Coach Jeff Tedford will be wondering the same thing about his Cal squad as it comes off a bye week. The Golden Bears (2-2, 0-1) started off by defeating UC Davis 52-3 and Colorado 52-7, but suffered an upsetting 52-31 loss at Nevada. They stepped up defensively the following week at No. 14 Arizona, but their offense never got going in a 10-9 defeat.

This game will be exciting as UCLA is favored by seven points on the road for the first time in a while. Although UCLA leads the series 49-30-1, the Bears won the last two meetings, scoring a ton in the process. The Bears won 45-26 last season and 41-20 in 2008.

The Bruins, though, are in their first year running a pistol offense, the same type of attack Nevada utilized to dismantle Cal earlier this season. UCLA is rushing like crazy, averaging 262.4 yards per game on the ground. The recent roll has raised its scoring average to 25.8 points per game.

Nevada’s pistol offense ran up 316 yards of offense on Cal during a 52-31 drubbing earlier this year.

But the Bruin’s passing game is still non-existent, managing only 91 yards per contest. Despite passing 96 times, they've only thrown five interceptions and have allowed only 11 sacks. Quarterback Kevin Prince has shown yet again that he has a Frankenstein body and can barley go two weeks without an injury that causes him to miss time under center.

Running back Johnathan Franklin has gained 625 yards and five touchdowns on 6.3 yards per rush. Derrick Coleman has added 331 yards and four touchdowns, and Prince has run for 142 yards and three scores in four games but has paid the price each game and suffered an injury.

Prince, who sat out the Washington State game because of a knee ailment, has completed only 29 of 63 passes for 282 yards, with two touchdowns against four interceptions. Richard Brehaut, who was solid filling in at quarterback last week, is 17-for-32, for 170 yards, with no touchdowns and one interception.

The Bruins receivers have not aided their quarterbacks much at all , only scoring a few touchdowns and being used only between the 20’s.Nelson Rosario leads the receivers with 14 catches for 137 yards. Red shirt freshman Ricky Marvray has team-high two TD receptions among his seven catches.

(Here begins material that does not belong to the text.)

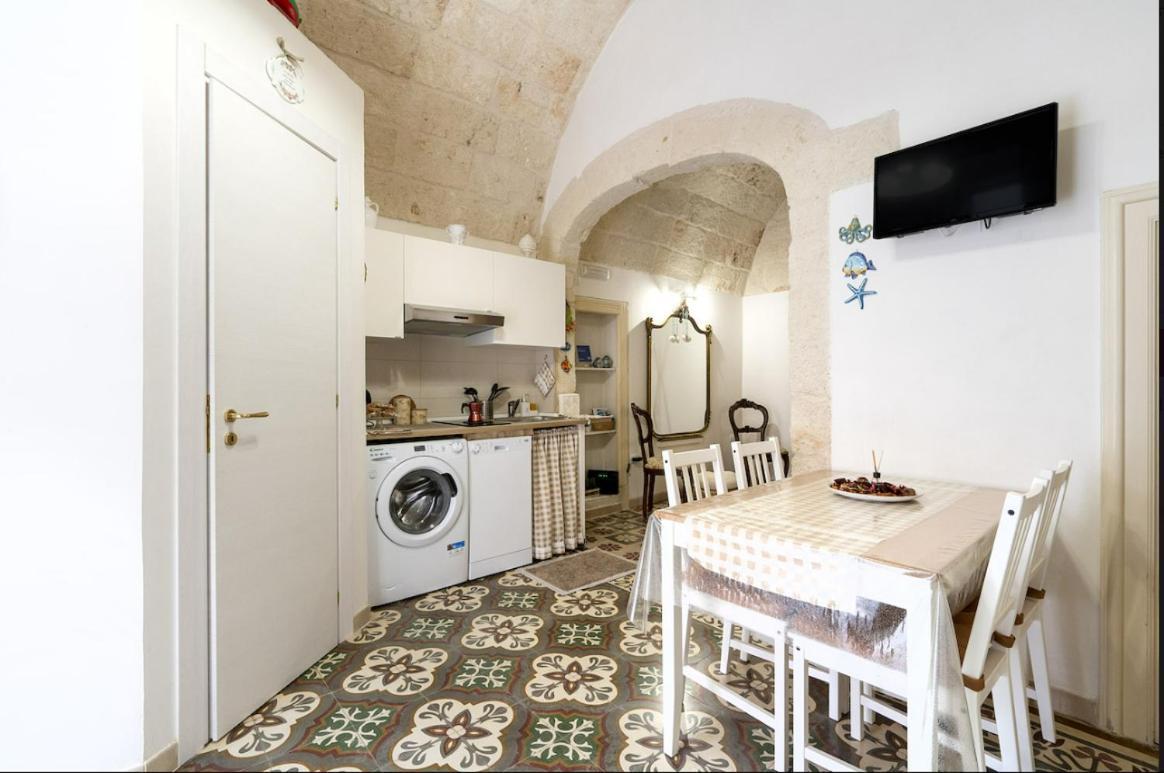 Chiarina Rooms 2 Polignano a Mare Bagian luar foto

UCLA is averaging 35.7 points over its past three games. The Bruins and Bears in recent years have always had a shootout to determine the winner. Home or away both teams have managed to put up huge numbers against each other.

Cal’s offense is averaging 36 points and 409.2 yards during their roller coaster season. The Bears were able to move the ball well during their early victories and managed 502 yards vs. Nevada, but were held to 262 yards by Arizona. Quarterback Kevin Riley has been less consistent this year, giving up four interceptions. But he's completed 60.7 percent of his passes for 848 yards and eight touchdowns.

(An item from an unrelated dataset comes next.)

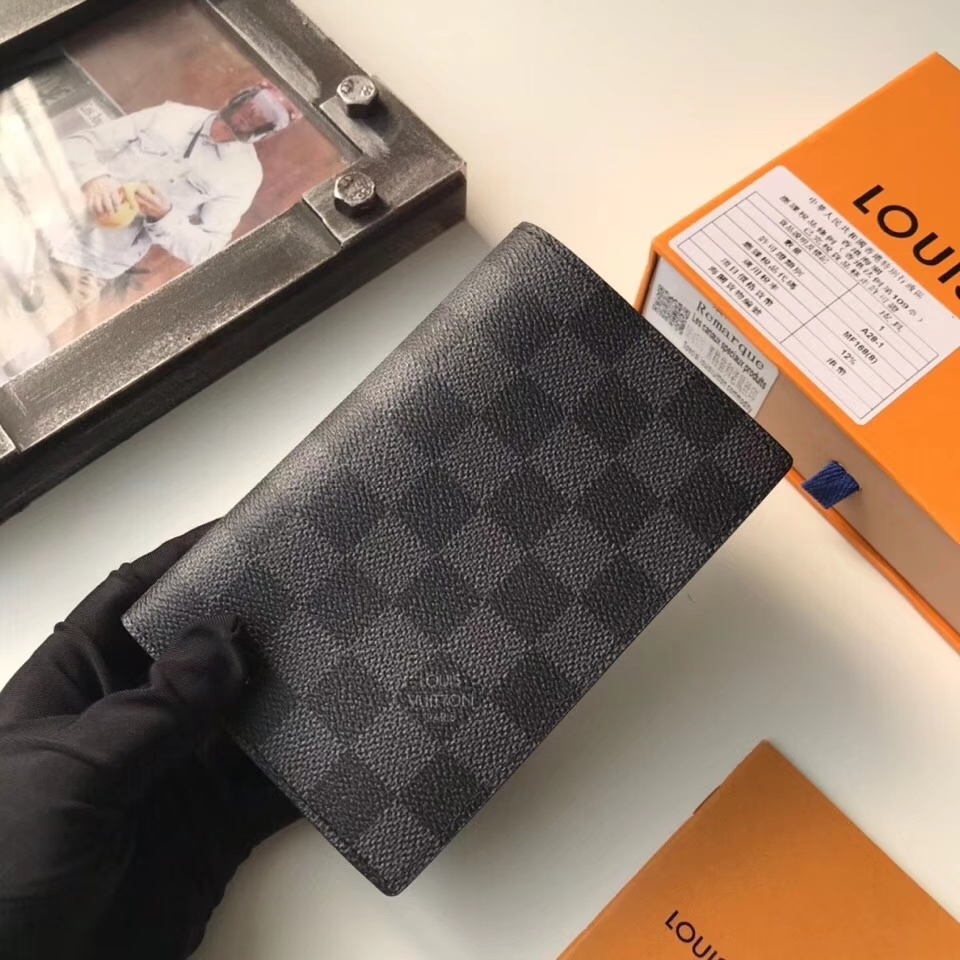 LV PASSPORT COVER M60181A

Cal’s most confident and trusted offensive player has been Shane Vereen, who's rushed for 426 yards and six TDs. The junior also has two touchdown receptions on the season.

The team that makes the least mistakes this Saturday will win the game, as both teams are extremely inconsistent. Both teams still have an opportunity to make something happen this year even though Oregon and Stanford are clear favorites to win the Pac-10.